WHAT YOU WILL DO - Print the lines below from the line with "Interactive information-based teaching" to the line with "growth has been primarily at the very top" exactly, keeping both ends, and print no pictures.

INFORMATION: Begin

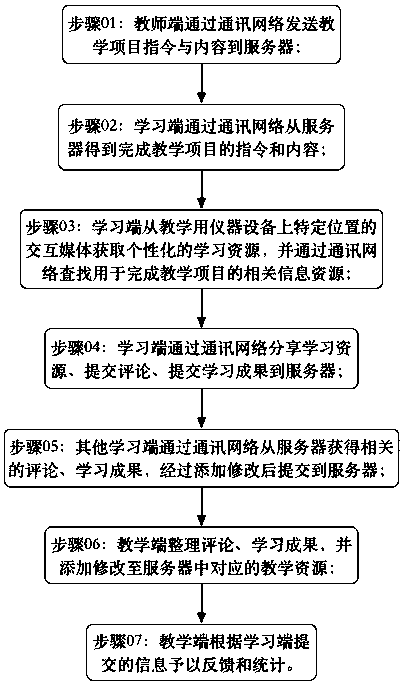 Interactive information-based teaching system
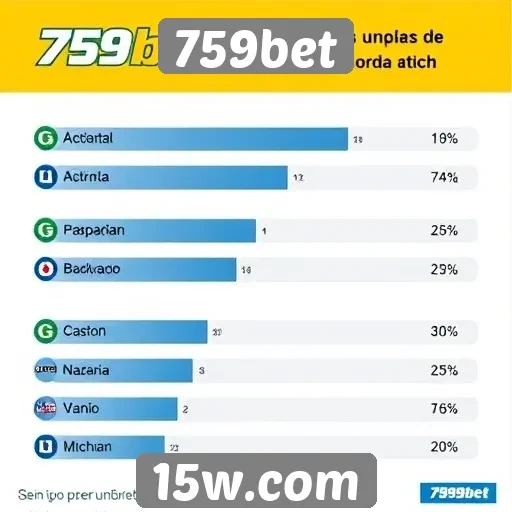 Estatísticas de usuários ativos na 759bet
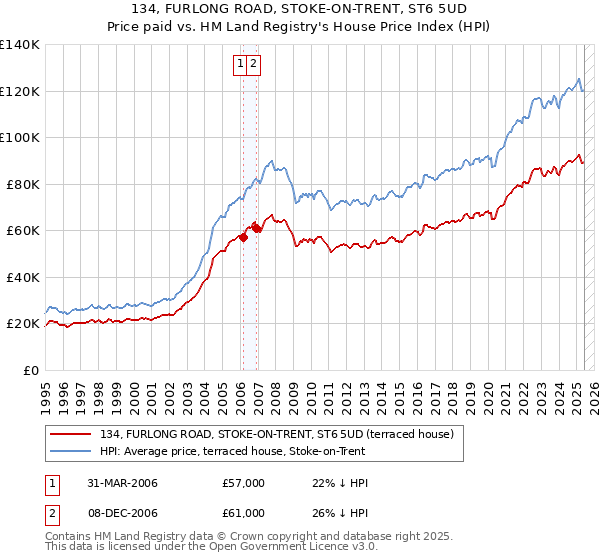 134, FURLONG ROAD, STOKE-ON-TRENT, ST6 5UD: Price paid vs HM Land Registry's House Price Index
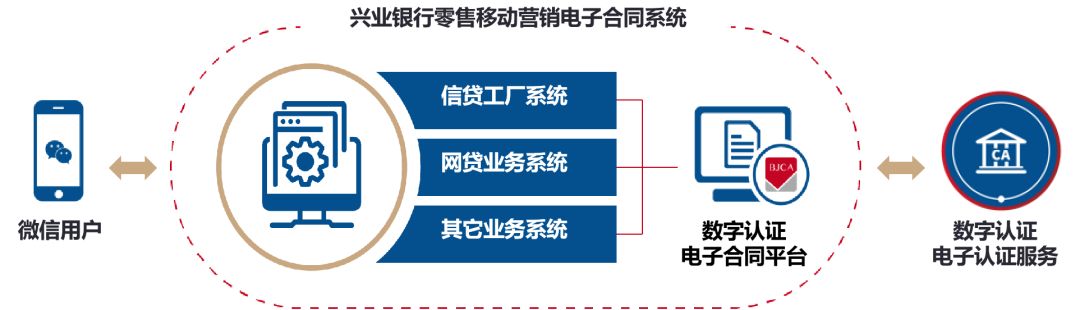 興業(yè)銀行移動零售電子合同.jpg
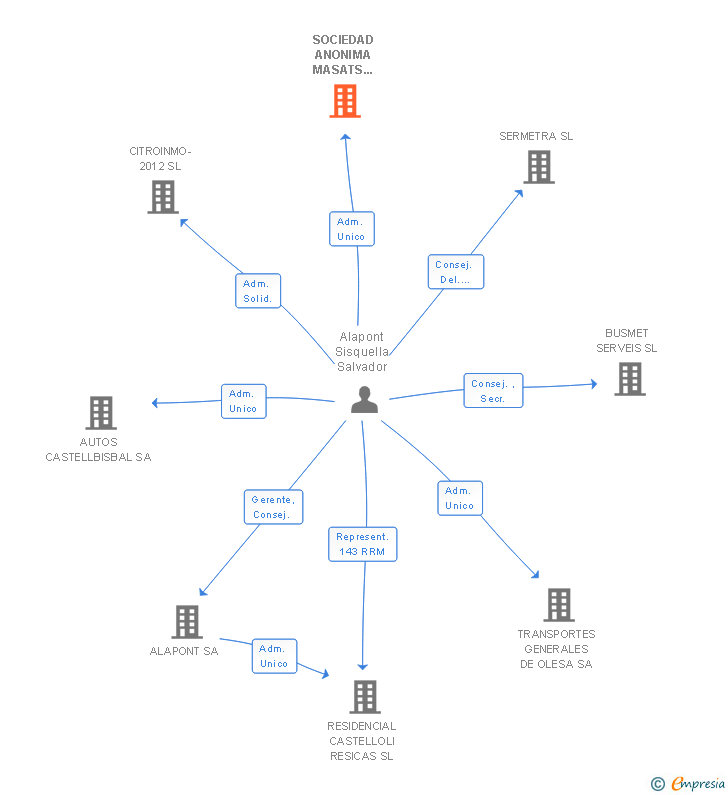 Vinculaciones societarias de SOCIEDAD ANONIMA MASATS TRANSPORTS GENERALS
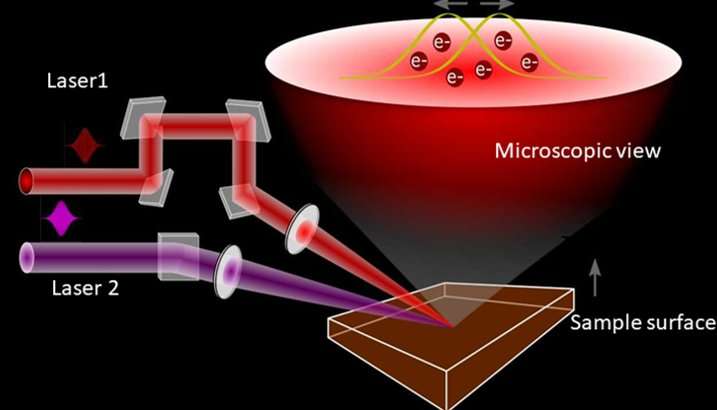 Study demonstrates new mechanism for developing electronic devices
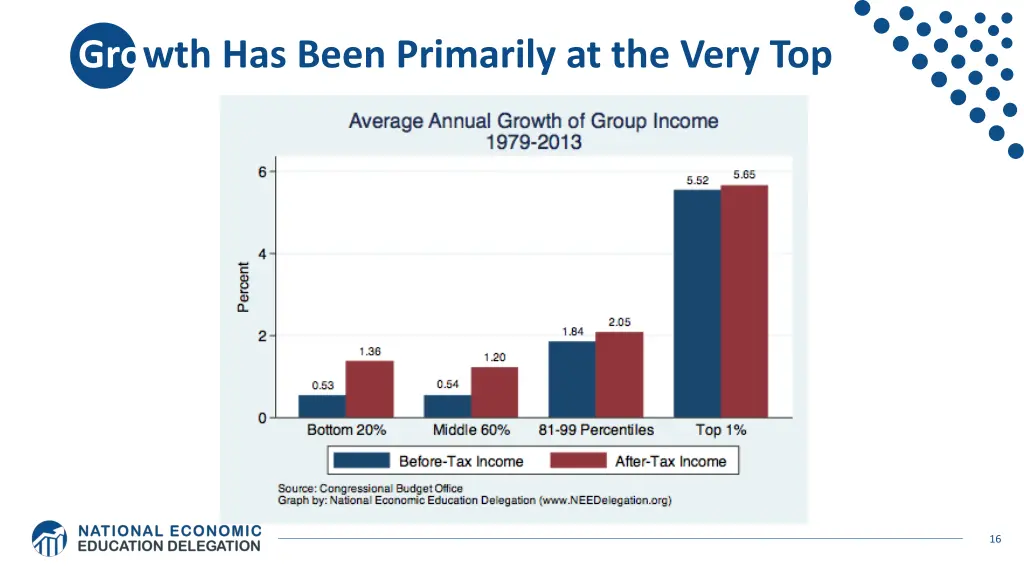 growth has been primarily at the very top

INFORMATION: End
INFORMATION: Begin

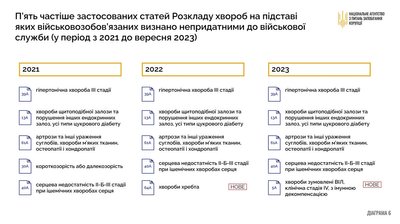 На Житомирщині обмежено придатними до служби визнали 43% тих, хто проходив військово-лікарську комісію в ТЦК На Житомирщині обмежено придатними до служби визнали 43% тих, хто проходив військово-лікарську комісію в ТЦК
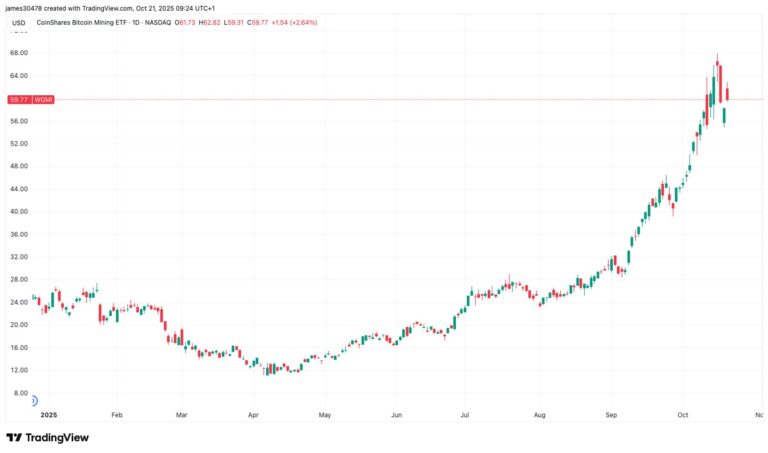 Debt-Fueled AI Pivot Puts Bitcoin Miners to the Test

INFORMATION: End

RESULT OF THE EXERCISE -
 Interactive information-based teaching system
 Estatísticas de usuários ativos na 759bet
 134, FURLONG ROAD, STOKE-ON-TRENT, ST6 5UD: Price paid vs HM Land Registry's House Price Index
 興業(yè)銀行移動零售電子合同.jpg
 Vinculaciones societarias de SOCIEDAD ANONIMA MASATS TRANSPORTS GENERALS
 Study demonstrates new mechanism for developing electronic devices
 growth has been primarily at the very top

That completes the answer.